Thomas DeWeese wrote:
You are close, basically you want to make your class implement the Overlay interface from Batik, and associate your mapIt instance with the canvas as an overlay
Well I guess I'm getting there, but I need more help. Perhaps a good restructure of my app is in order?

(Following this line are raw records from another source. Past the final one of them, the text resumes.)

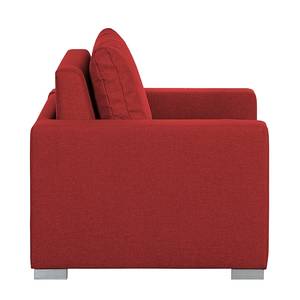 Slaapfauteuil LATINA Basic geweven stof - Stof Doran: Rood - Breedte: 110 cm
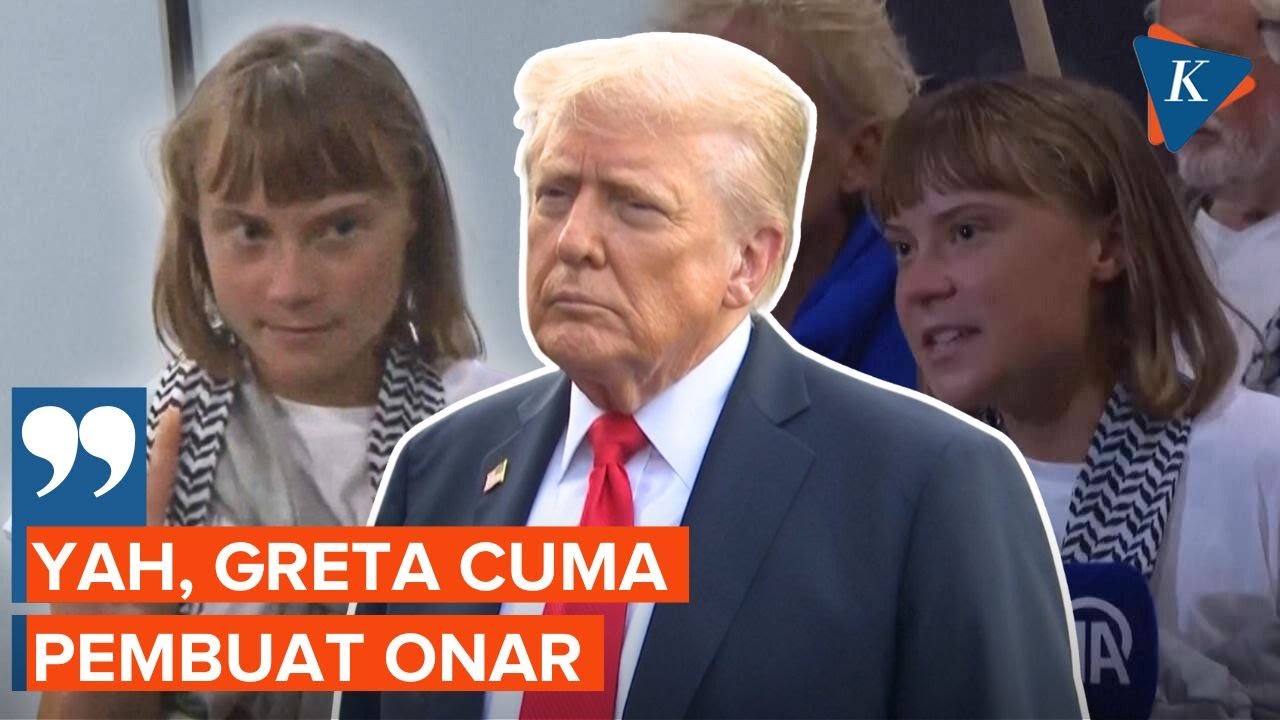 Youtube Thumnail image of : Upaya Perdamaian Gaza: Trump Sewot Greta Thunberg dapat "Lampu Sorot"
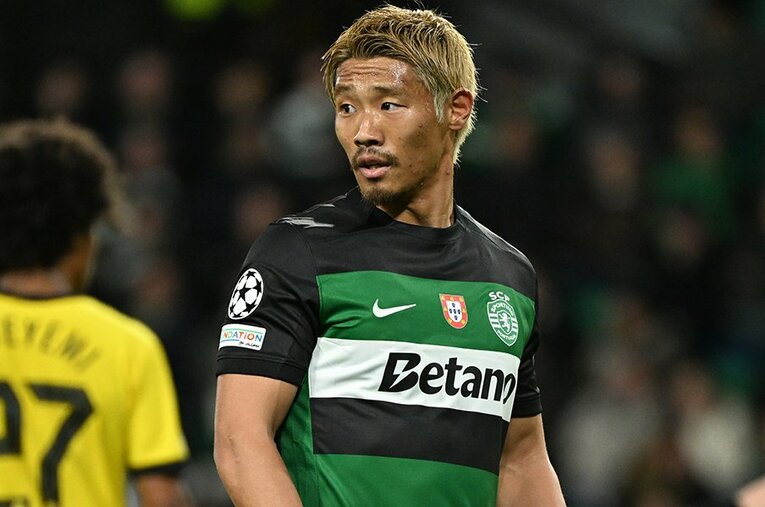 2月、CLドルトムント戦での守田英正。日本代表MFに待つ未来はポルトガル名門残留か、それとも他リーグへのステップアップか ／ photograph by Kiichi Matsumoto
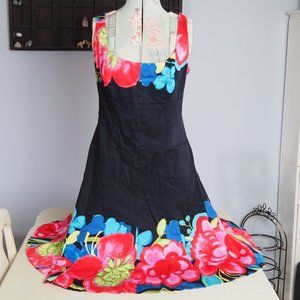 Nine West Floral and Black Dress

I got this now, and of course it still doesn't work. (I didn't quite understand James' ideas):
import java.awt.*; import java.awt.Graphics2D; import javax.swing.*;
import org.apache.batik.swing.JSVGCanvas; import org.apache.batik.swing.gvt.GVTTreeRendererAdapter; import org.apache.batik.swing.gvt.GVTTreeRendererEvent; import org.apache.batik.swing.gvt.Overlay;
public class mapIt implements Overlay{
public static void main(String[] args) {
JFrame frame = buildGUI();
frame.setSize(200, 600);
frame.setVisible(true);
}
public static JSVGCanvas buildCanvas(){ final JSVGCanvas canvas = new JSVGCanvas();
canvas.setBackground(Color.green); canvas.setURI("file:/home/riis/P2/maps/gangen.svg");
canvas.addGVTTreeRendererListener(new GVTTreeRendererAdapter() { public void gvtRenderingCompleted(GVTTreeRendererEvent e) { System.out.print("Rendering done"); Graphics box = canvas.getGraphics(); paint(box); } });
canvas.getOverlays().add(new mapIt()); return canvas;
}
public static JFrame buildGUI(){
JFrame f = new JFrame("PANTS - MapIt");
JSVGCanvas svgCanvas = buildCanvas();
JSlider slider = new JSlider();
JPanel panel = new JPanel(new BorderLayout());
panel.add("North", slider);
panel.add("Center", svgCanvas);
f.getContentPane().add(panel);
f.setDefaultCloseOperation(JFrame.EXIT_ON_CLOSE); return f; }
public static void paint(Graphics g) {
g.setColor(java.awt.Color.RED);
g.fillRect(10,10,100,100);
}
}
--------------------------------------------------------------------- To unsubscribe, e-mail: [EMAIL PROTECTED] For additional commands, e-mail: [EMAIL PROTECTED]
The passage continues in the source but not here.